* Raw data *

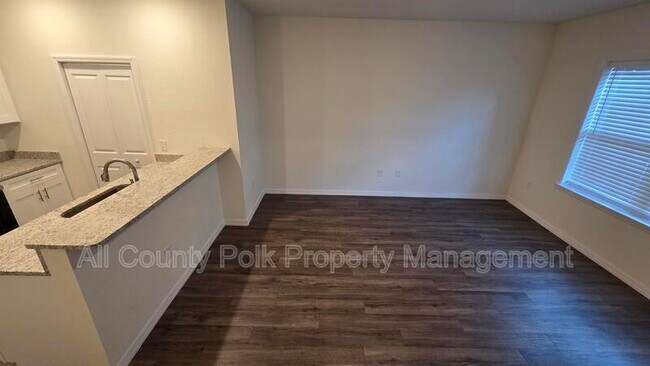 Foto del edificio - 915 Ariana St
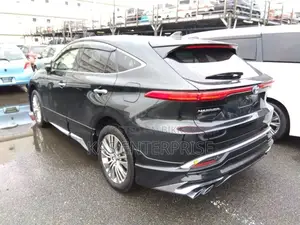 টয়োটা হ্যারিয়ার ২০২১ কালো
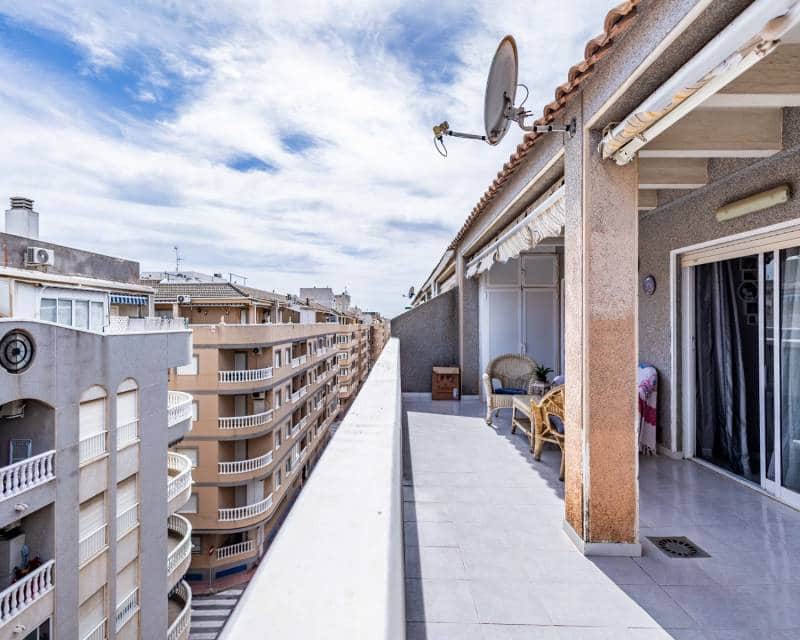 2 soveværelse Penthouse til salg i Torrevieja med garage - € 187.200 (Ref: 8893678)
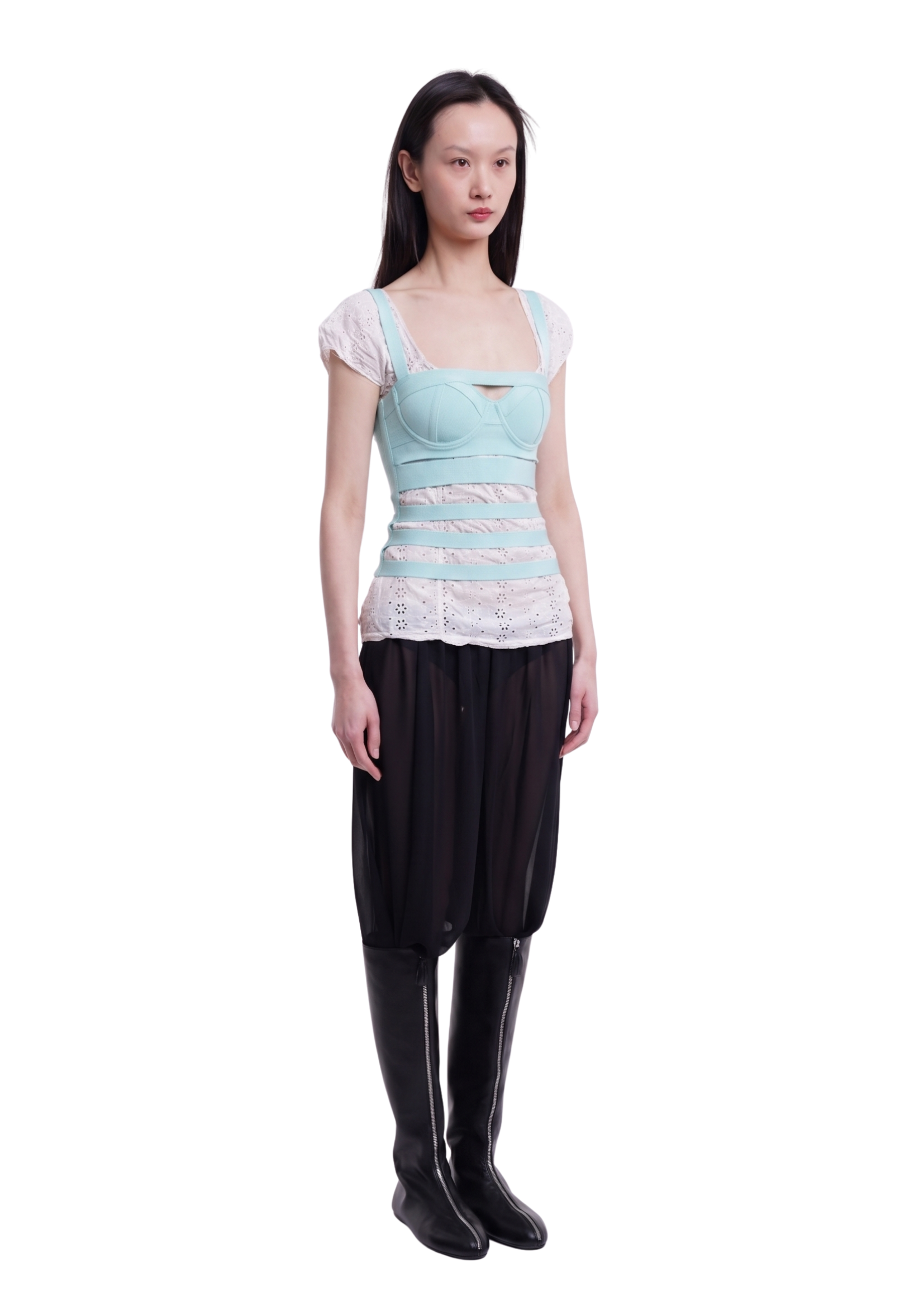 SNEAK BANDAGE TOP IN ICE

* Problem to solve *
Reproduce the lines of the data that run from the one containing "2 soveværelse Penthouse" to the final line, both included, exactly as they appear and without the pictures.

* Reply to the task *
 2 soveværelse Penthouse til salg i Torrevieja med garage - € 187.200 (Ref: 8893678)
 SNEAK BANDAGE TOP IN ICE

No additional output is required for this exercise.